Word for word, reproduce the listing that follows, excluding any pictures it contains.
════════════════
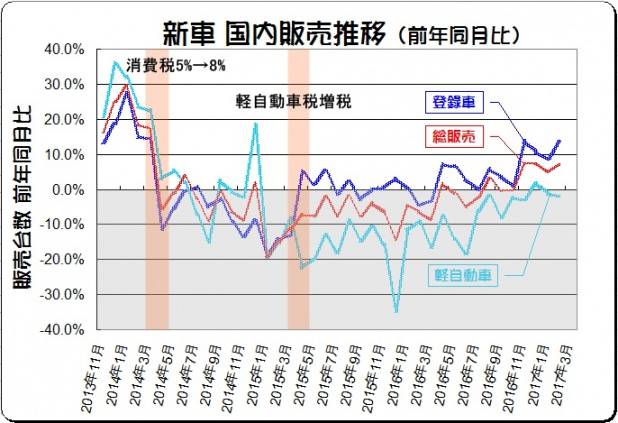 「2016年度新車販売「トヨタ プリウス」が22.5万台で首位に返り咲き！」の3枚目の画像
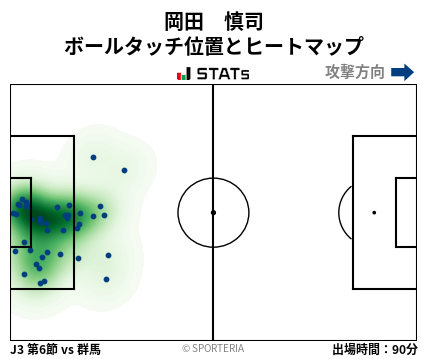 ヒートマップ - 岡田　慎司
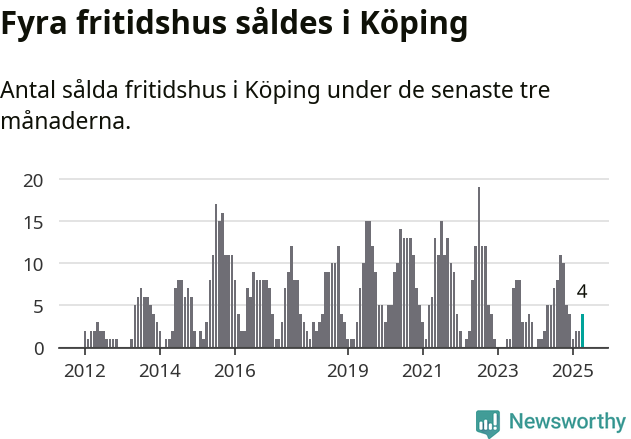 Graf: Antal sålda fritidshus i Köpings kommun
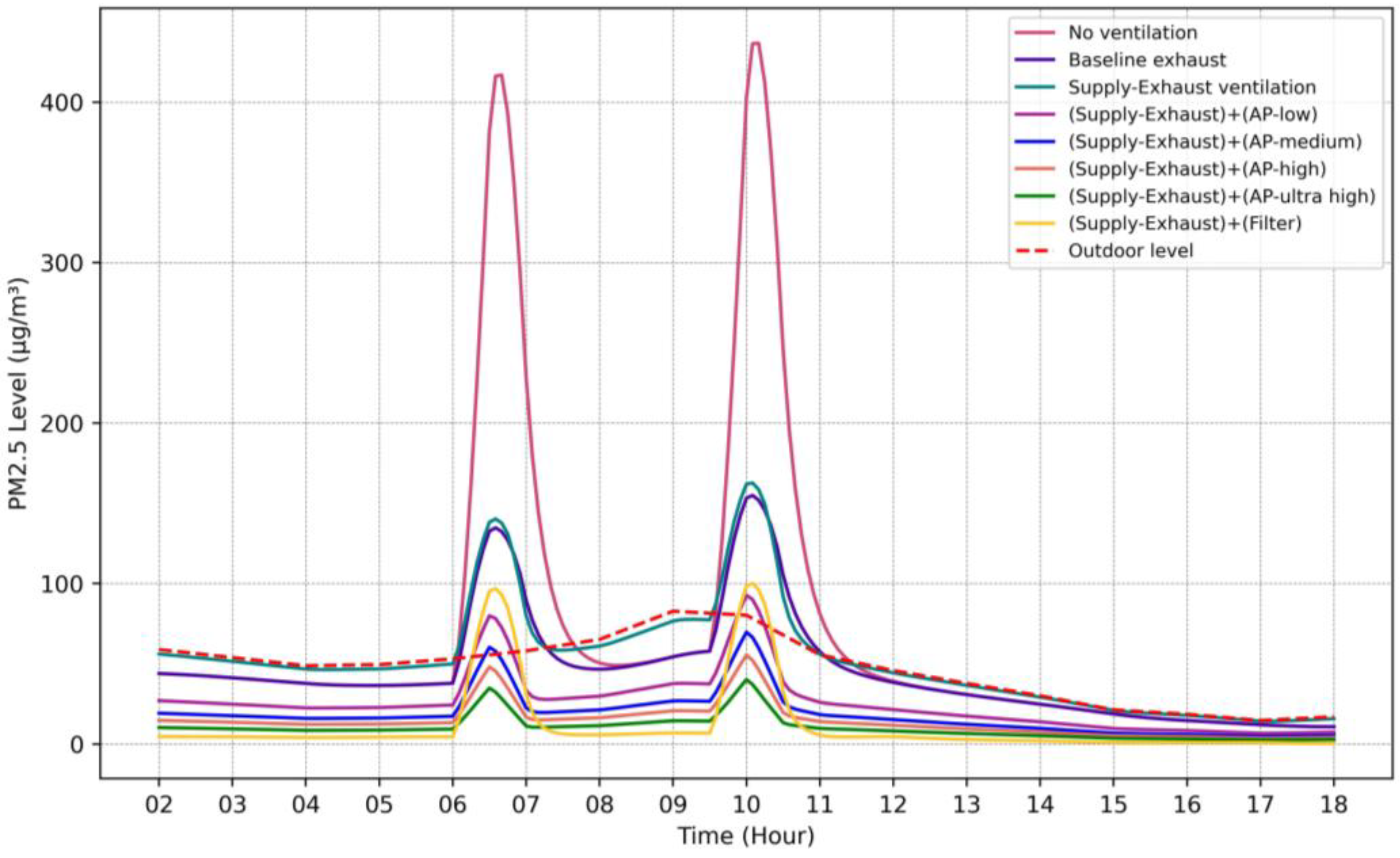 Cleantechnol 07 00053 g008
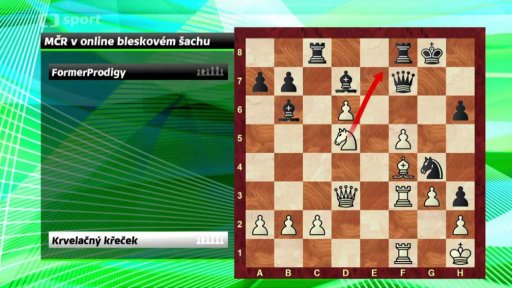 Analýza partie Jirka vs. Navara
════════════════
RESPONSE AREA =
 「2016年度新車販売「トヨタ プリウス」が22.5万台で首位に返り咲き！」の3枚目の画像
 ヒートマップ - 岡田　慎司
 Graf: Antal sålda fritidshus i Köpings kommun
 Cleantechnol 07 00053 g008
 Analýza partie Jirka vs. Navara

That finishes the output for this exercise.